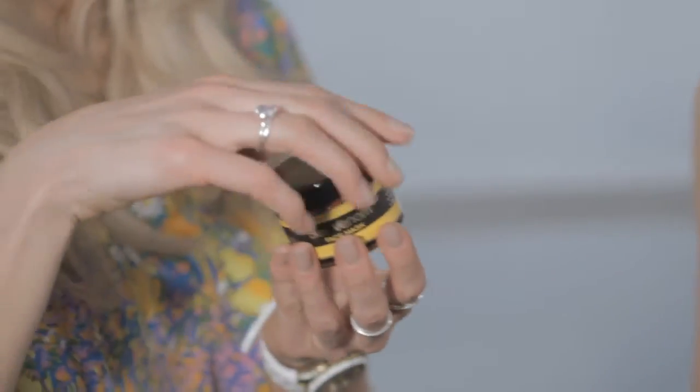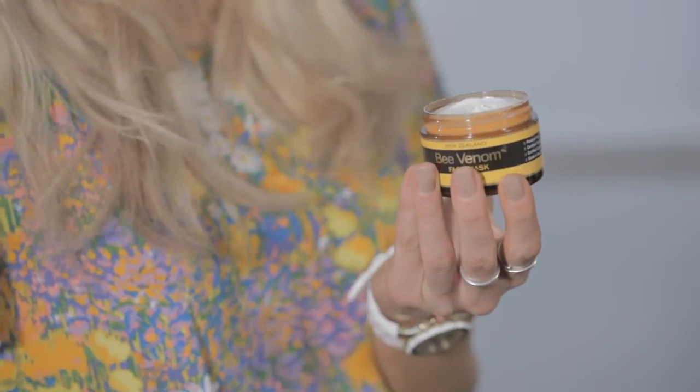I've got two exciting new products to show you now that are exclusive to A Beautiful World: Bee Venom Mask and Bee Venom Eye Serum. Bee Venom is known as the natural alternative to Botox. I'll show you how to use these products.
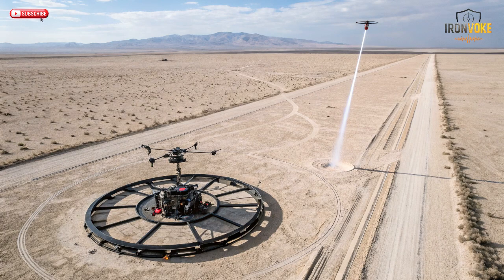If you found this breakdown of Israel's Iron Beam fascinating, make sure to like this video, subscribe to the channel, and turn on notifications for more deep dives into global defense technology and military innovation.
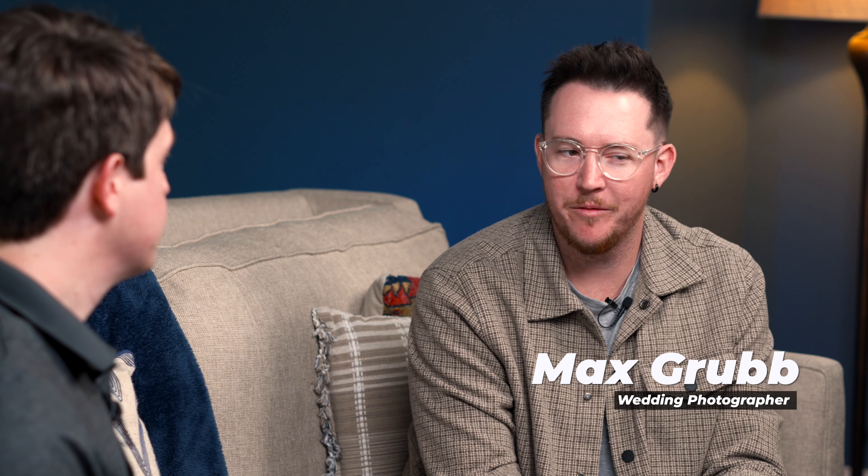Our first guest — I want to introduce a good friend of mine — this is Max Grubb. Thanks for joining us. We appreciate you coming in and being our first guest. Why don't you tell everybody a little bit about yourself and the type of photography you shoot? Thanks for having me on. I am a wedding photographer in northwest Arkansas. I've been doing that for just shy of a decade, and the majority of my work tends to be portraiture, weddings, and family photography.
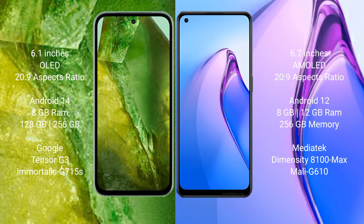Oppo Reno 8 Pro comes with 8GB to 12GB RAM and 256GB internal storage, powered by the MediaTek Dimensity 8100 Max processor and GPU Mali-G610.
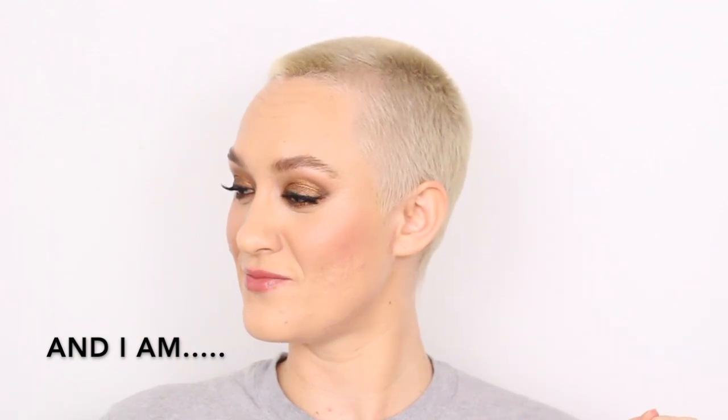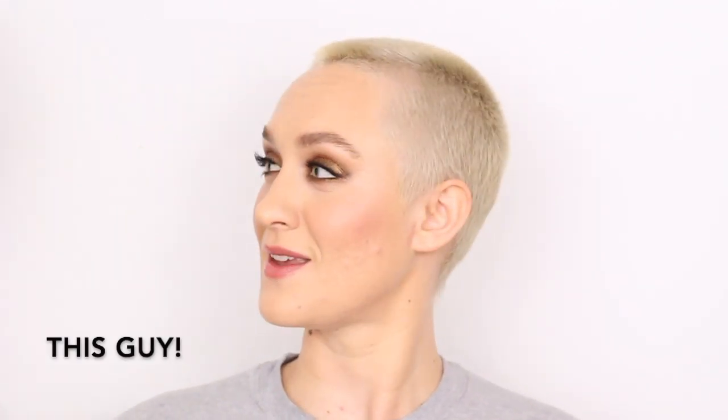How are you, Caspian? Good. He's good. And I am this guy! And he is this guy! So anyway, today. My name's Caspian.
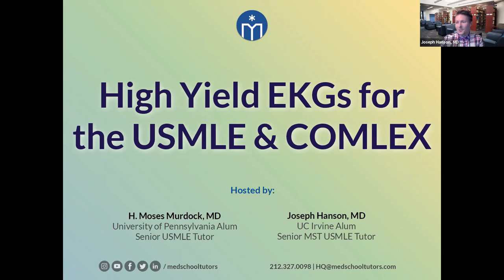Good evening, everybody. Welcome to Med School Tutor's webinar on high-yield EKGs for the USMLE and Comlex exams. My name is Dr. Joe Hansen. I've been working as a tutor for medical students for every exam in medical school — boards, coursework exams, etc. — for about six years now and for over 7,000 hours with individual students.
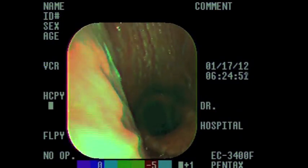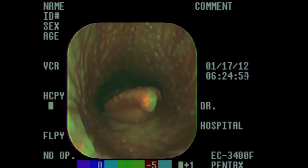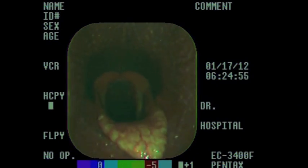This is a video endoscope of a horse post trialing. The horse is making an abnormal respiratory noise, and as you can see here, the horse is breathing normally.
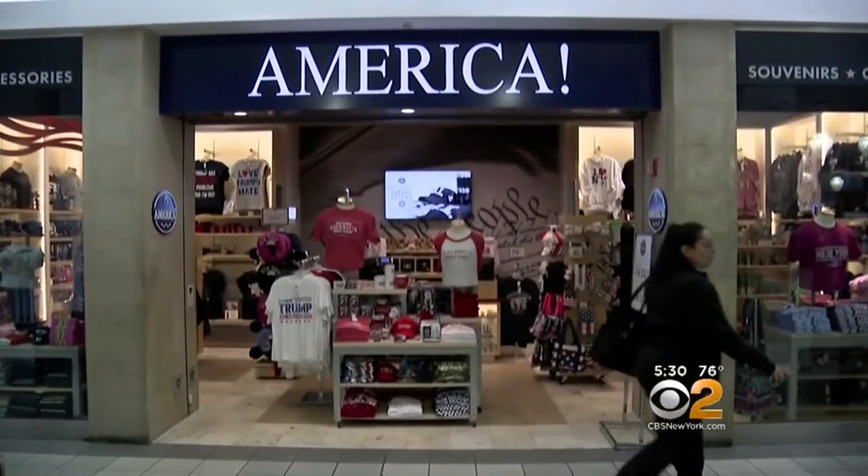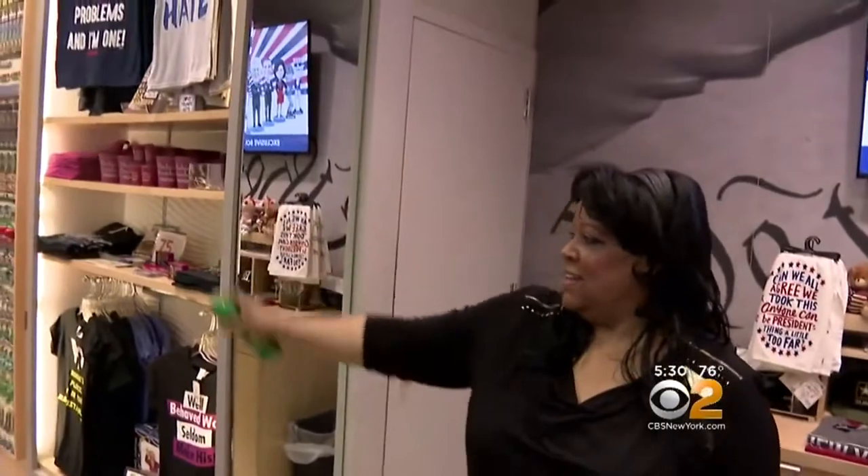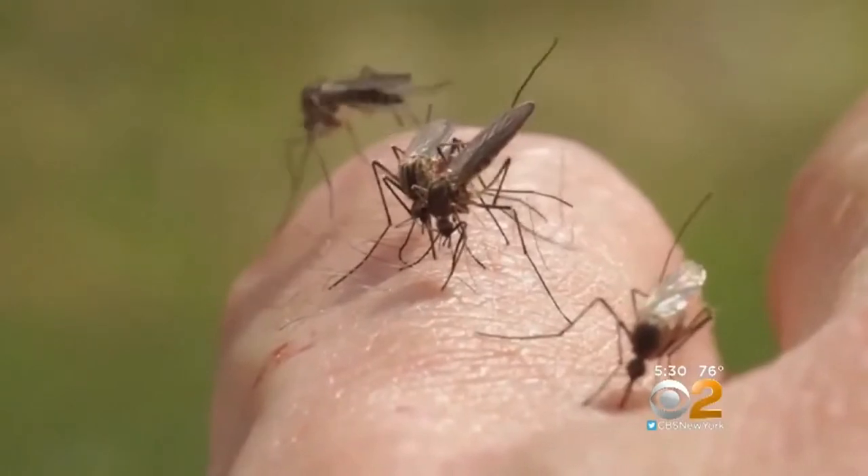At this retail store inside Central Terminal B, employees are spraying DEET to keep the insects away. I've gotten a few bites on my legs, a few on my arms. Not surprising — mosquitoes are an issue.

######

◆ **WHAT IS EXPECTED**:
Your task is to copy only the lines above starting at the one containing "If you found" and ending at the one containing "How are you, Caspian?". Copy them exactly, both ends included, and omit the pictures.

◆ **SOLUTION TO THE PROBLEM**:
If you found this breakdown of Israel's Iron Beam fascinating, make sure to like this video, subscribe to the channel, and turn on notifications for more deep dives into global defense technology and military innovation.
Our first guest — I want to introduce a good friend of mine — this is Max Grubb. Thanks for joining us. We appreciate you coming in and being our first guest. Why don't you tell everybody a little bit about yourself and the type of photography you shoot? Thanks for having me on. I am a wedding photographer in northwest Arkansas. I've been doing that for just shy of a decade, and the majority of my work tends to be portraiture, weddings, and family photography.
Oppo Reno 8 Pro comes with 8GB to 12GB RAM and 256GB internal storage, powered by the MediaTek Dimensity 8100 Max processor and GPU Mali-G610.
How are you, Caspian? Good. He's good. And I am this guy! And he is this guy! So anyway, today. My name's Caspian.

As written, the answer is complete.